Unbelievers can try to gin up some home-cooked earthly motivation for living a moral code, even though its benefits are entirely confined to this life. But the believer’s eternal perspective so powerfully raises the stakes for being a “good person,” and thus the motivation, that it must make it easier to accomplish.
3. True Humanism
This next reason is related to the last one. A big part of morality, especially for unbelievers (who are generally less concerned about the morality of actions that don’t directly affect others), is doing good for our fellow man. Some would even say that unbelievers are nicer to other people on earth because they they’re not all preoccupied with pleasing an imaginary person in the sky.
But for an atheist, this humanistic impulse rests on pretty shaky ground. Why be nice, or good, or loving, or charitable, to other people? What’s so special about them?

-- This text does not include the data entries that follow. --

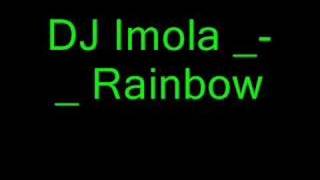 DJ Imola_-_ Rainbow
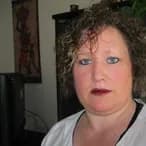 Profil de Zina, 29 ans, Pute à Irma (Alberta)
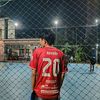 rayhan123saputra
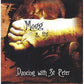 Dancing With St. Peter - Vinyl LP 180 Gram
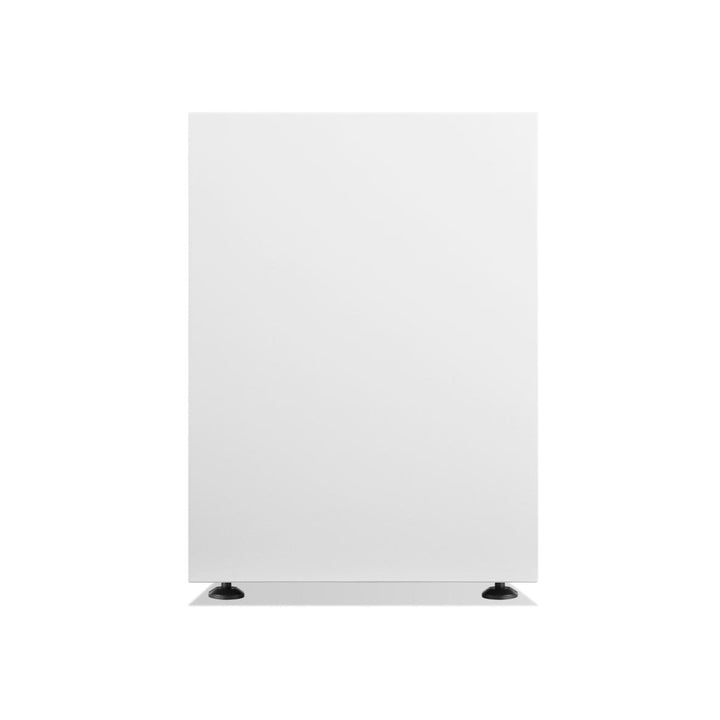 Superchoice 6 Drawer Dresser
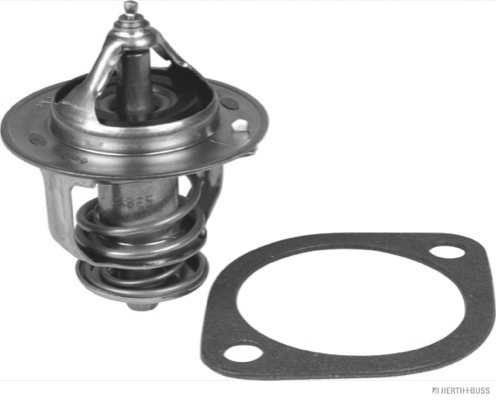 HERTH+BUSS JAKOPARTS Thermostat, Kühlmittel J1530520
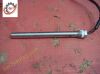 GENTHERM BLANKETROL 91126 800W Heater Heat Element Cartridge Tested 
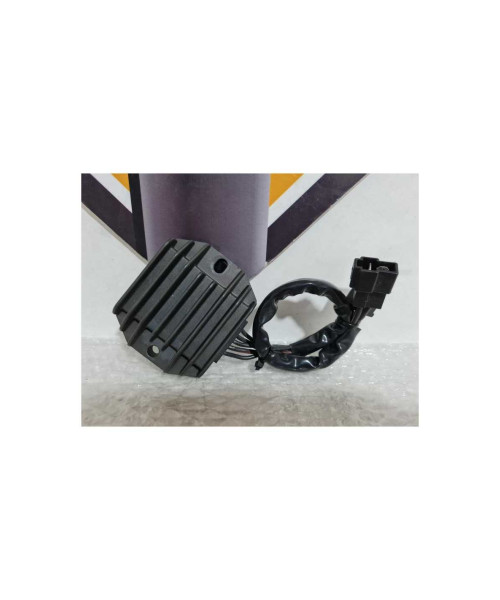 Releu Incarcare Suzuki GS 500F 2006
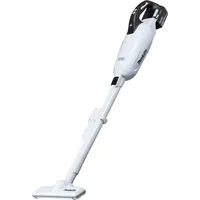 Makita Akku-Staubsauger LXT 18 V • 82 mbar •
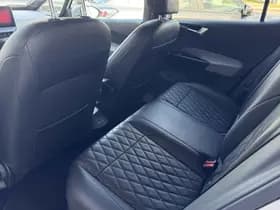 Volkswagen ID.3 thumbnail 5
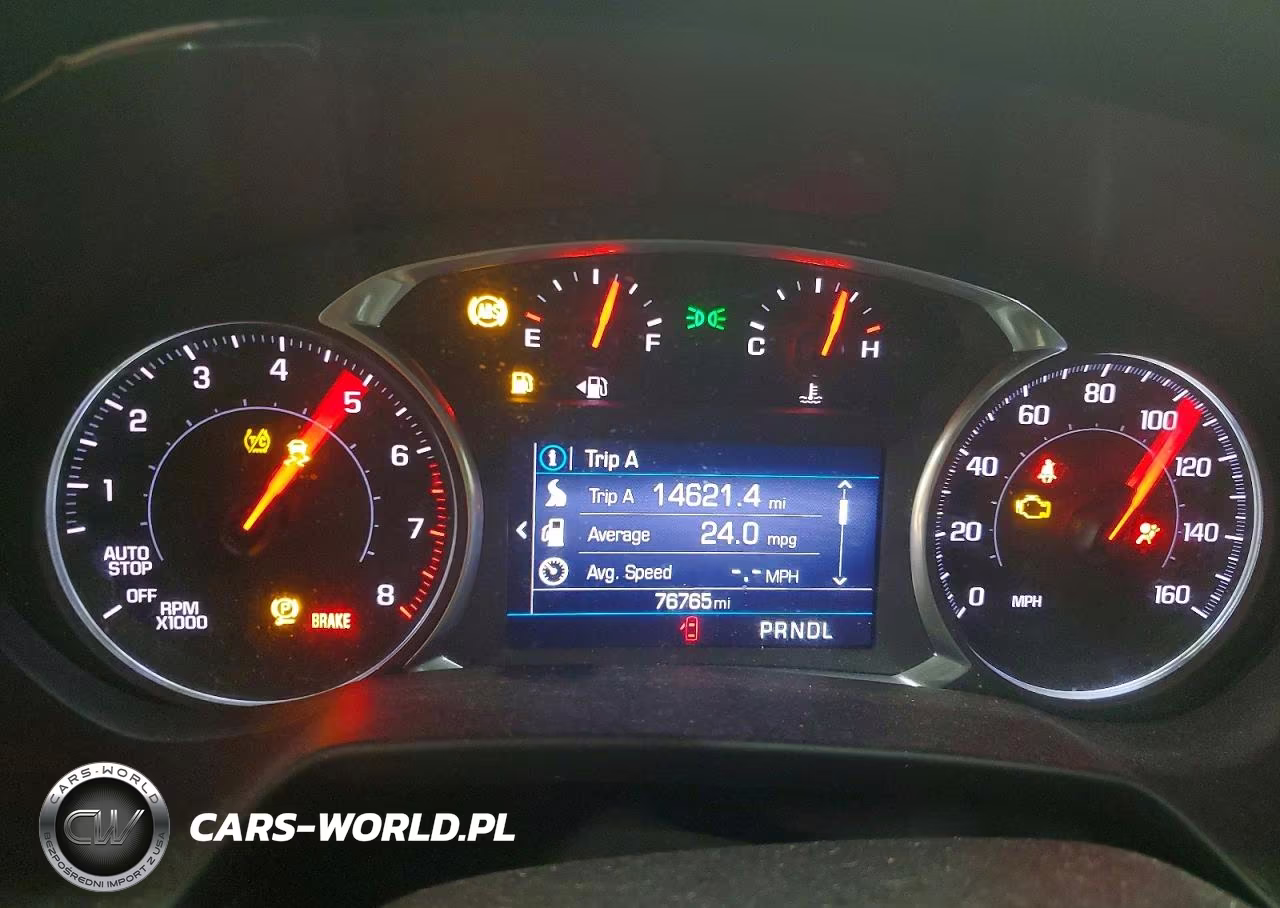 2022 Chevrolet Blazer 2Lt VIN:3GNKBCR46NS140362 - 9
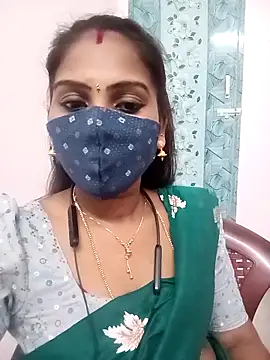 Tamil roja17 online show from February 4, 2026, 6:03 pm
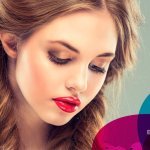 trenzas-cabello-largo-corto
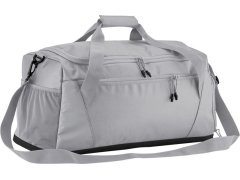 Quadra QS 477 Multi-sportovní taška 51.S477 ice grey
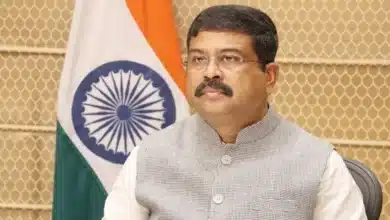 Union Ministry of Education Unveils 2025-26 Performance Grading Index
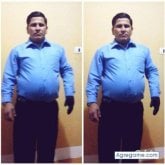 Foto de perfil de santiago9012
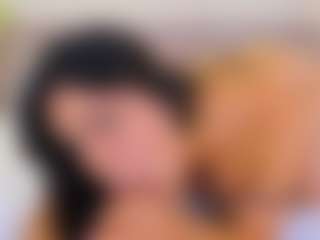 Georgina Reyes's Live Sex Cam Show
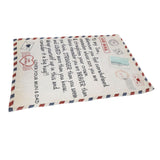 to My Son Blanket Double Sided Soft Skin Friendly Keep Warm Letter Blanket Expressing Love Air Conditioning Blanket C20220119 1 150x220cm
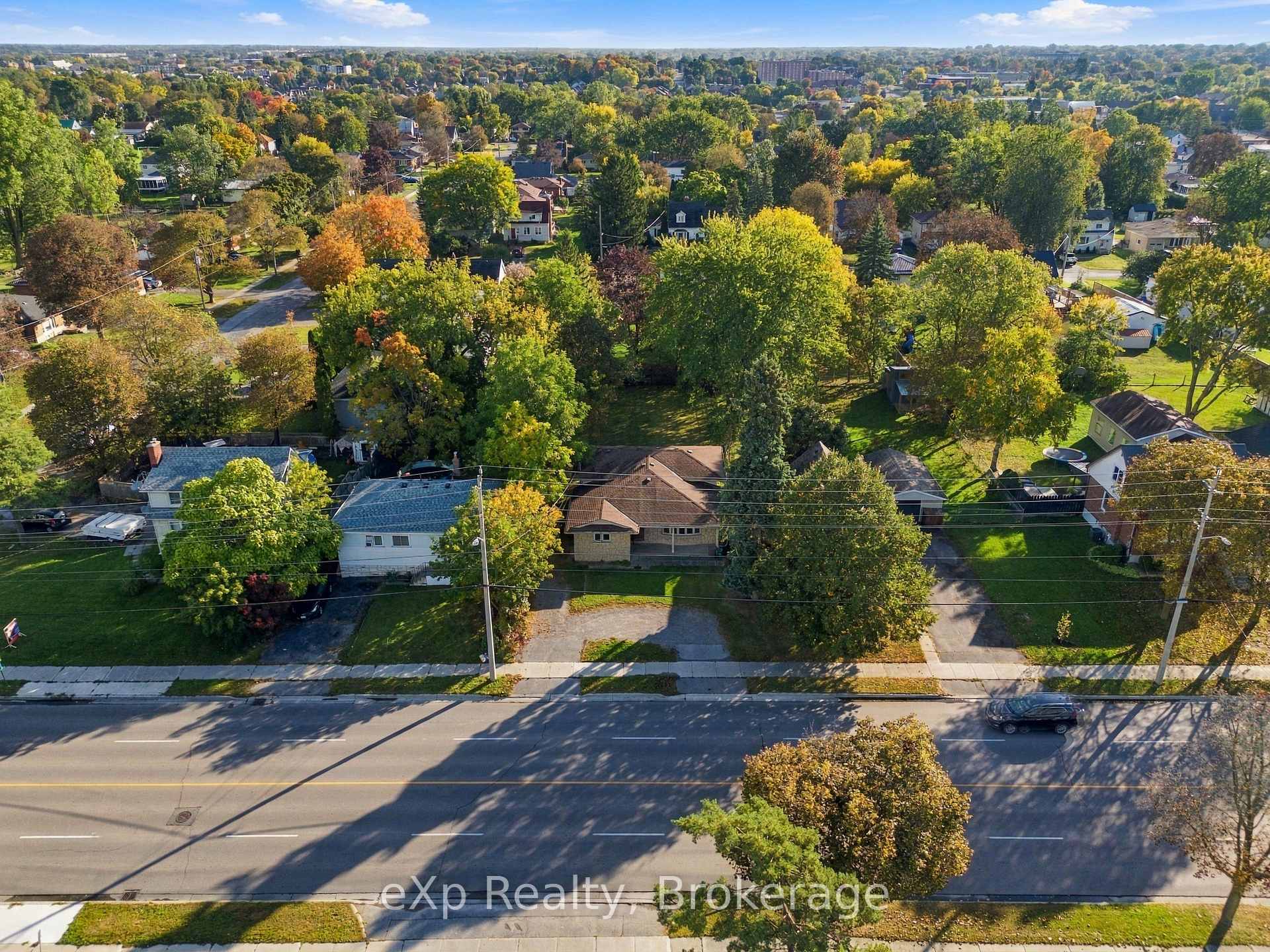 Photo 37 of 501 Sidney Street, Belleville, Belleville Ward — HOMEH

Some will shrug their shoulders and say it doesn’t matter. They just think we should. It feels right. Others will try to argue that charity towards others is actually in our self-interest: either because it eventually will rebound our way like karma, or because it just makes us feel good about ourselves.
But what about when it doesn’t feel right? What if the other person is a jerk? What if being good to another clearly inconveniences us or even harms us? Why should we do it then? The unbeliever has no answer.
The believer does. Theism provides a foundation for authentic humanism. We are to love one another not only because God commands it, but because it’s just—because God made those other people, and keeps them in being, and loves them, and thereby infuses them with their own value. How can the even boldest secular humanists in history compete with that glorious vision of mankind?
4. Got Grace
If there’s a more universal constant in human experience than sin, I don’t know what it is. Believers and unbelievers all know what it’s like to know what is right but to do the opposite anyway (Rom. 7:22-23).
To what do unbelievers appeal in this unhappy circumstance? All they have is themselves—which is the problem in the first place. Yes, some extraordinary people are able to go quite far on natural virtue alone, but they’re an exception. The rest lie on analysts’ couches and crowd self-help seminars desperate for some natural key to improvement. Or they despair.
Even if there were no God, I think that even the idea of divine help is… helpful. Believing that we’re not on our own, that with enough faith and practice and perseverance we can overcome sin, because we have access to spiritual energy outside of ourselves, can only aid us in our quest to be good people.
So even if belief in God were just a moral crutch, it would be a handy and effective crutch. But most theists think it’s more than a crutch. We believe that God not only sets out the moral law and tells us to obey, but gives us the power to obey it—what we call actual grace. We’re able to transcend merely natural virtue, go beyond all that we have to give by our own power, because God gives us his power.
That power perfects our natural virtue, making us better people than we could otherwise have hoped to be. Better still, it enkindles in us supernatural virtue, moving us from being good people to a moral state nonbelievers cannot attain: holiness.